HDAC2 promotes colorectal tumorigenesis by triggering dysregulation of lipid metabolism through YAP1

Dysfunction of lipid metabolism is important for the development and progression of colorectal Cancer, but the underlying mechanisms remain unclear. Here, HDAC2 was identified as highly expressed in both adenoma and colorectal Cancer. We aimed to explore the roles and mechanisms of HDAC2 in lipid metabolism in colorectal Cancer. HDAC2 expression in adenoma and colorectal Cancer tissues was measured using tissue arrays. The function of HDAC2/YAP1 was identified using in vitro and in vivo experiments.
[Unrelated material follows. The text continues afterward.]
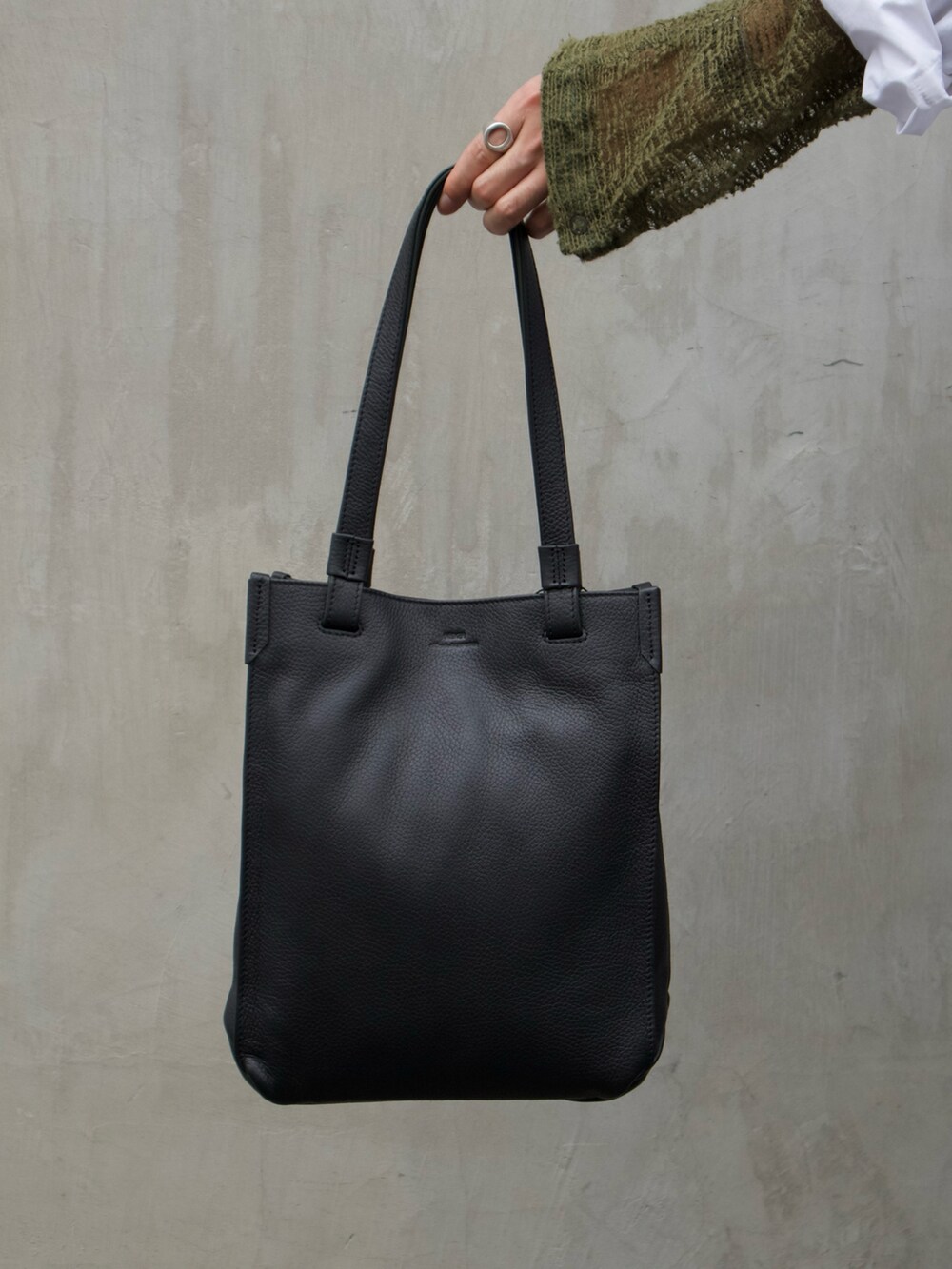 グリーン系のトートバッグ、ブラック系のサンダルを着用したメンズの夏コーディネートの2枚目の写真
Coimmunoprecipitation experiments, DNA pull-down assays, luciferase analyses, and ChIP-qPCR (Chromatin Immunoprecipitation-quantitative real-time polymerase chain reaction) assays were used to identify the potential mechanisms of HDAC2. We found that HDAC2 can disrupt lipid metabolism in colorectal Cancer by mediating the deacetylation of YAP1. Mechanistically, HDAC2 can bind to YAP1 and mediate deacetylation of the K280 site of YAP1. Furthermore, the deacetylation of YAP1 reduces the efficiency of its binding to the ZMYND11 promoter region, exacerbating lipid metabolism disorders, which in turn reduce lipid accumulation and increase lipid catabolism in colorectal Cancer cells. Our study identified a novel regulatory mechanism of lipid metabolism in colorectal Cancer in which HDAC2 increases lipid catabolism by regulating the deacetylation of the K280 site of YAP1, revealing that HDAC2 promotes tumor progression through the regulation of lipid metabolism.

Colorectal cancer; HDAC2; Lipid metabolism; YAP1.